As Gov. Mike Parson announced the opening of Phase 1B, Tier 1 and 2 of the COVID-19 distribution plan, Tom Patterson -- the Nodaway County public health administrator -- noted that vaccine availability looks slim in the county.
Patterson said the main challenge Missouri will face among the opening of Phase 1B will be the availability of vaccines, a common theme among the opening of new tiers.
“We weren’t expecting them to do this at this time,” Patterson said. “Vaccines aren’t widely available.”
In Parson’s announcement, he noted that the state was following recommendations from federal partners and information from stakeholders across the state in regards to the opening of Phase 1B, Tier 1.
Parson also announced that the state opened Phase 1B, Tier 2 on Jan. 18.Tier 1 of Phase 1B opened Jan. 14.
Patterson noted that there are some areas in Missouri that haven’t received any vaccines since the original distribution in December 2020. Maryville is not one of the areas that Patterson mentioned to have not gotten any vaccines.
He also said the timing involved with the opening of these tiers makes it seem like the vaccines will be available sooner and the distribution will become faster, but this is not the case.
According to the CDC, as of Jan. 15 the number of distributed coronavirus vaccines in Missouri is 528,800.
“It’s going to get a little bit stressful here for the next month or so,” Patterson said.
Patterson continued to emphasize patience with the community. He said the opening of Tiers one and two in Phase 1B was something that the health department was not expecting.

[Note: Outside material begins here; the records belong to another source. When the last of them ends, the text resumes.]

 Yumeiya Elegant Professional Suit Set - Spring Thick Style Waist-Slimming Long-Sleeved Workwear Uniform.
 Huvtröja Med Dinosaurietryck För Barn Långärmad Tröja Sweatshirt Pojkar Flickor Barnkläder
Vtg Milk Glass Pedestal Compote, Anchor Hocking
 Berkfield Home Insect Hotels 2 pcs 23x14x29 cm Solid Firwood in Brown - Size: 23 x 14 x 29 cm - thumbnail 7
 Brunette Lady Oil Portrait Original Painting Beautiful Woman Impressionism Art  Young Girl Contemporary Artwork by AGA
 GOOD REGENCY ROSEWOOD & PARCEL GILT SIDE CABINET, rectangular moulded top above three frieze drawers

The health department will not be able to order anymore vaccines for at least another two weeks due to the federal government’s partnership with pharmaceutical companies to vaccinate long-term health care facilities.

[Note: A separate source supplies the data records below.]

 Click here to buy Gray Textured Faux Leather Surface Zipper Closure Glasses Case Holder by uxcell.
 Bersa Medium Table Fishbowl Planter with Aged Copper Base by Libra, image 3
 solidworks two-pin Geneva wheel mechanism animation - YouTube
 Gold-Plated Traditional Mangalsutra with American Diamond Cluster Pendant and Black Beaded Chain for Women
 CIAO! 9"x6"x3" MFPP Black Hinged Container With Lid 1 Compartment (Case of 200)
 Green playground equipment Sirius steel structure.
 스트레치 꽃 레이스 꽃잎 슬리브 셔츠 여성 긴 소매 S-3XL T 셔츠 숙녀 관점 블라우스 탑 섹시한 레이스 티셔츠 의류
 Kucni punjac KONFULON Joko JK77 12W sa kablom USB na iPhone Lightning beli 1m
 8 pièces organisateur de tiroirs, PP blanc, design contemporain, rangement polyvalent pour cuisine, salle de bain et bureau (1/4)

According to a KY3 article, Missouri will not be receiving as many COVID-19 vaccines as planned from Operation Warp Speed. The director of the Missouri Department of Health and Senior Services said in the KY3 article, as of Jan. 15, that the state is currently receiving 70,000 to 80,000 vaccines per week, but the state was expecting roughly double that amount.
Between the delay in the health department’s ability to request more vaccines and the unexpected change in state’s allocation of vaccines, Patterson’s predictions of vaccine availability are more evident.

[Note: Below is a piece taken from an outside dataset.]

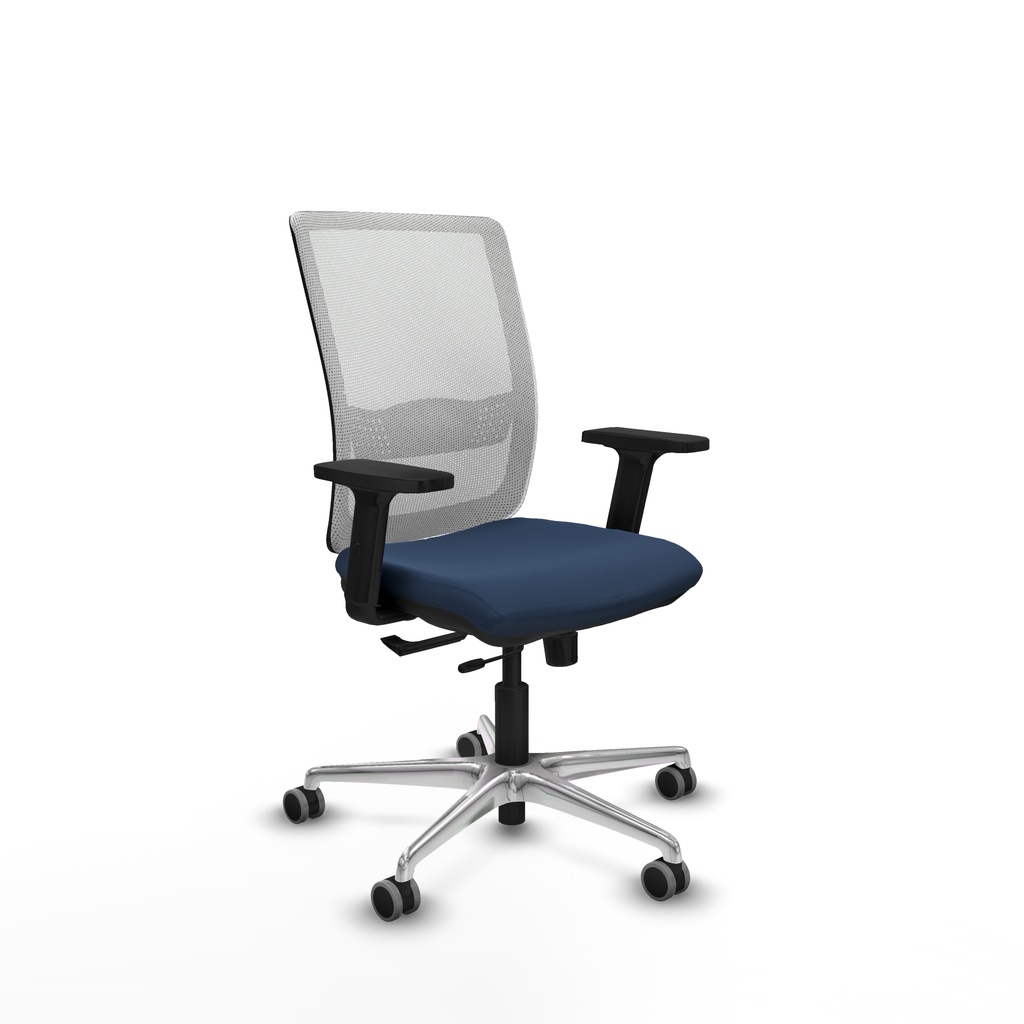 Haches traslack malla blanca similpiel azul marino brazos 2D base aluminio ruedas 65mm engomadas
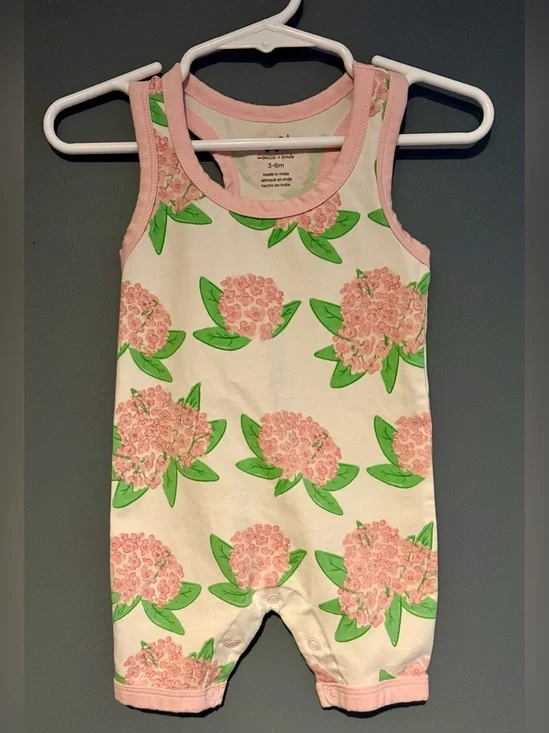 Monica + Andy 3-6 Months Girls One Piece Racerback Romper Cotton & Spandex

“We’ll see — in a couple weeks, maybe it will start to look better,” Patterson said.
Despite Patterson’s concerns with vaccine availability, he said he is glad to see students attending classes in person.
As of Jan. 16, the latest available data by time of publication, there are 70 current cases in the county, 14 of which involve Northwest students and staff. The seven-day rolling case average is seven. There have been 2,477 total COVID-19 cases in the county and 21 deaths.
Regardless of the statistics, Patterson preached the need to take precautions, but also the importance of going to school, rather than learning through a screen.
“I don’t think we can stay home,” Patterson said. “I mean, what else are we going to do?”